Modulated optical reflectance measurement system with enhanced sensitivity

Abstract

A modulated optical reflectance (MOR) measurement system is disclosed which uses an infrared probe beam. Preferably the probe beam has a wavelength of at least 800 nm and preferable greater than one micron (1000 nm).

Description

BRIEF DESCRIPTION OF THE DRAWINGS

FIG. 1 is a graph plotting the MOR signal dose dependence obtained using a 780/670 nm pump/probe wavelength combination for As-implanted Si sample (100 keV).

FIG. 2 is a graph using the same pump/probe wavelength combination of FIG. 1 and covering a higher dose range (10¹³−10¹⁶ cm⁻²) obtained for As-implanted Si.

FIG. 3 is a graph similar to FIG. 1 and includes a plot of the dose dependence obtained using a 780/1064 pump/probe wavelength combination.

FIG. 4 is a graph similar to FIG. 3 and illustrating the dose dependence for a B-implanted Si wafer.

FIG. 5 is a graph plotting dose dependencies for a number of different pump and probe beam wavelength combinations.

FIG. 6 is a graph similar to FIG. 2 and includes a plot of the dose dependence obtained using a 780/1064 pump/probe wavelength combination.

FIG. 7 is a schematic diagram of an apparatus for implementing the subject invention.

DETAILED DESCRIPTION OF THE SUBJECT INVENTION

The present invention provides a modulated optical reflectance measurement system with the capability to make measurements with very high sensitivity using an infrared probe beam. In particular, it has been found that for certain samples, it is preferable to have a probe beam with a wavelength of at least 800 nm and preferable greater than one micron (1000 nm). The pump beam preferably has wavelength in the near-IR range and be shorter than probe beam. Preferably, the pump beam is on the order of 670 nm to 800 nm. In certain experiments described below we used a 780/1064 nm pump/probe wavelength combination. Another useful combination would include a 670/1064 nm pump/probe wavelength system.
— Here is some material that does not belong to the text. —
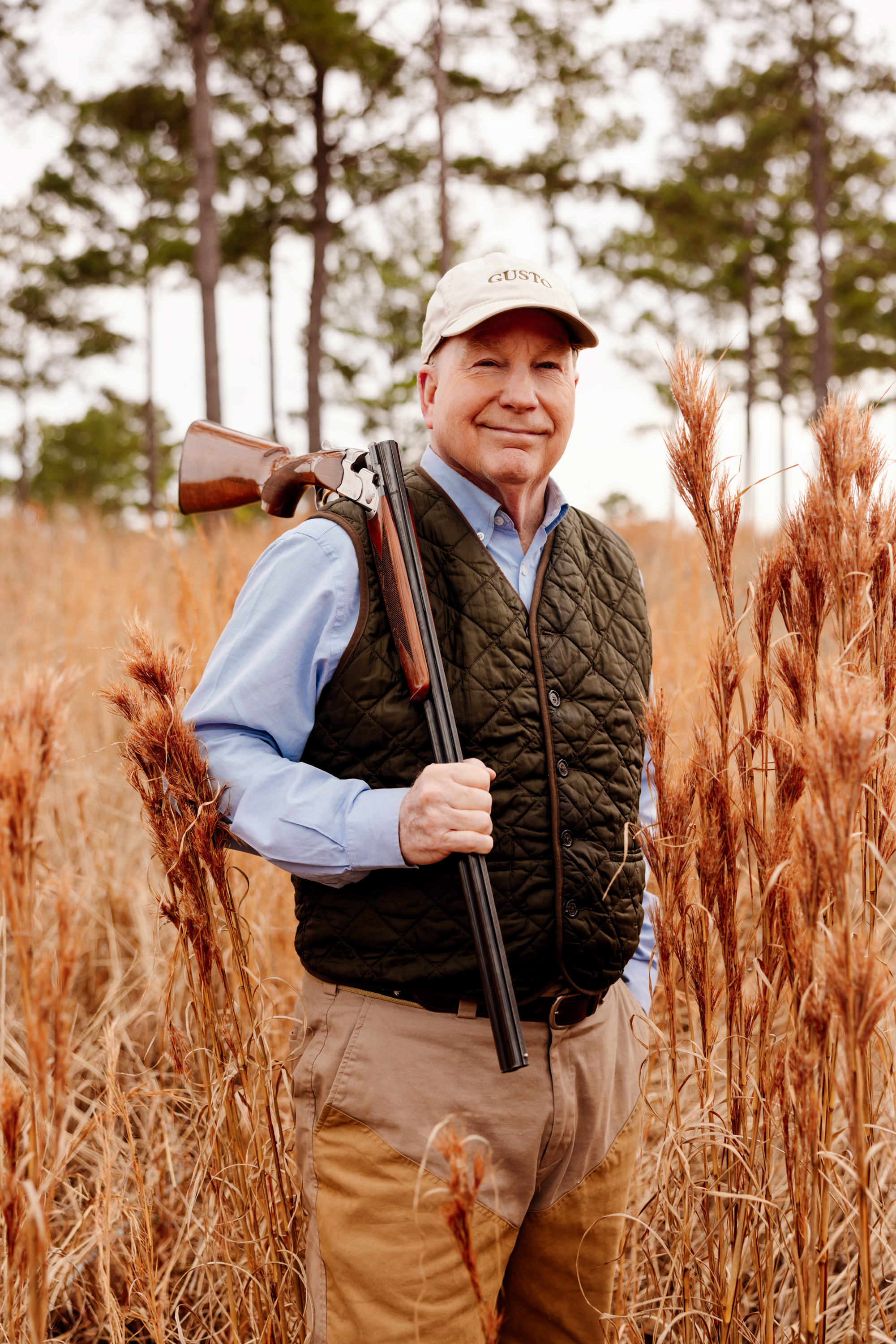 A portrait of a man in a field with a gun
This particular wavelength combination was derived based on an analysis which we refer to as the Controlled Plasma-Thermal Interference (CPTI) principle. This principle is based on a deeper understanding of how the pump and probe beam wavelengths control the production and detection of the plasma and thermal waves in semiconductors. By selecting appropriate pump/probe beam wavelengths, the negative peak in the MOR signal dose dependence (FIG. 1) appearing as a result of the plasma-thermal destructive interference can be placed at the desired position to suit any particular application. The sharp MOR signal drop and rise associated with this peak will provide required high sensitivity to implantation dose.
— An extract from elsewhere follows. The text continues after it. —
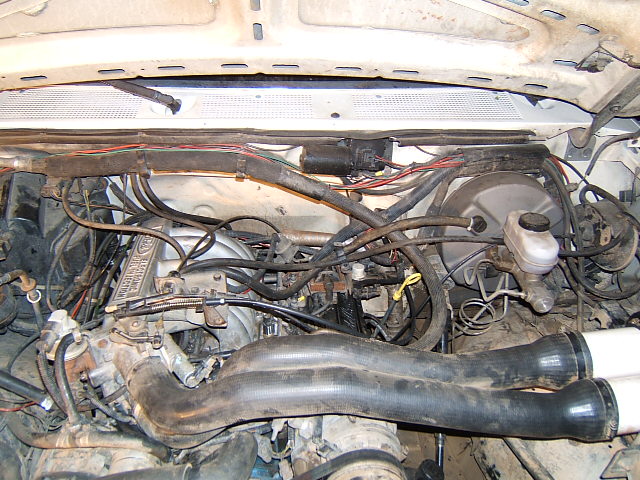 Engine bay with hoses, wires, and brake booster visible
An example of CPTI-MOR signal dose dependence obtained for As-implanted Si sample using a 780/1064 nm pump/probe wavelength combination is shown in FIG. 3. In this figure, CPTI-MOR signal dependence 200 has a pronounced negative peak 210 in the region where the conventional 780/670 nm pump/probe wavelength combination MOR response 100 has a plateau of low dose sensitivity. This negative peak produces very steep slopes in the MOR signal on either side of the peak and therefore provides high sensitivity in the mid-dose region, particularly in the dose range from 10¹² to 10¹³ cm⁻² region. This dose regime is of particular interest to semiconductor manufacturers and the illustrated variation in signal with dose provides about a factor of ten greater sensitivity than prior approach. This increase in sensitivity may allow manufacturers to use this technique for fine process control rather than just providing pass/fail test results.

It is believed that the position of the peak 210 on the dose axis can be changed by changing the pump and/or probe beam wavelength in a predetermined manner. Thus, the regions of a MOR signal high-sensitivity (defined as a slope of the MOR dose dependence shown in FIG. 3) can be adjusted and optimized for every particular application.
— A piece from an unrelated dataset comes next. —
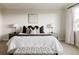 Serene bedroom features a tufted bench, neutral decor, and ample natural light at 27653 E Euclid Dr, Aurora, CO 80016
In order to determine the best wavelengths for a particular application, one would need to use a damaged based model of the MOR response from an ion-implanted semiconductor to calculate the MOR response as a function of dose. Damaged based modeling is disclosed in our prior papers, cited above. The pump and probe wavelengths along with the modulation frequency are adjusted in the model to set the position the minimum peak (corresponding to the maximum interference between the thermal and plasma waves) at the desired point on the dose curve.

It should be noted that MOR values to the left of the minimum are dominated by plasma effects while values to the right of the minimum are dominated by thermal effects. Thus, one might want to position the minimum to be either less than (to the left of) or greater than (to the right of) the dose region of interest. In the first case, where the minimum is positioned to be less than the dose region of interest, the response in the region of interest will be dominated by the thermal effects. In the second case, where the minimum is positioned to be greater than the dose region of interest, the response in the region of interest will be dominated by plasma effects. Since the two mechanisms (plasma and thermal) are completely different physically, in some cases it would be beneficial to be able to control not only the sensitivity of the MOR response, but also its dominating physical nature.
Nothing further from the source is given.